La difundida impresión de que la ley favorece el delito es reforzada por nuestros sentimientos de culpa, producto de décadas de lavado de cerebro político y religioso en nombre de los desposeídos. Un opulento amigo mío salió recientemente de su casa para cruzar la calle y comprar un periódico, cometiendo la tontería de dejar la puerta entornada. Regresó al cabo de un minuto, se sentó en un sillón y abrió el periódico. Creyó oír un ruido arriba y fue a investigar.

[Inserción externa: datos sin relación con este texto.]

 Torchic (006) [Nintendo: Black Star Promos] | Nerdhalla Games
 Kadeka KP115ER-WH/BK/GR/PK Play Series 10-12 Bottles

En el rellano se encontró con un joven que le preguntó: «Oye, viejo, ¿por aquí se llega a la oficina de correos?». Mi amigo se aseguró de que el visitante no tuviera nada en los bolsillos, lo llevó hasta la puerta y reanudó la lectura. Al cabo de unos minutos, notó que había otro intruso en la casa y volvió a investigar, esta vez entrando en cada uno de los dormitorios. Vio un pie que sobresalía de abajo de una cama y tiró de él. Al fin salió otro joven. «Supongo que tú también buscas la oficina de correos», dijo airadamente. «No, viejo, busco a los agentes de bienes raíces». También expulsó a este sujeto. «Bien -dije yo-, ¿por qué no hiciste que los afrestaran y presentaste una denuncia?». Mi amigo, miembro del partido laborista, explicó que esto no era posible. «Ambos eran negros. Si hubieran sido blancos, lo habría pensado dos veces antes de dejar que se fueran.»

Mi amigo no es el único que obra con esta duplicidad basada en obsoletos sentimientos de culpa. La semana pasada, Jacques Delors canceló multas por 3.700 millones de libras que penaban engaños relacionados con leche en polvo y quesos. El motivo era que los infractores, que debían operar en una escala colosal, eran italianos, griegos y españoles, y no se podía esperar que se comportaran de mejor modo. La implicación era que los ingleses, daneses, alemanes y holandeses no gozarían del mismo privilegio. En síntesis, vivimos en un mundo donde la honestidad no se recompensa, el delito queda impune y los malhechores se salen con la suya. ¿Quién quiere ser un varón justo o una mujer virtuosa?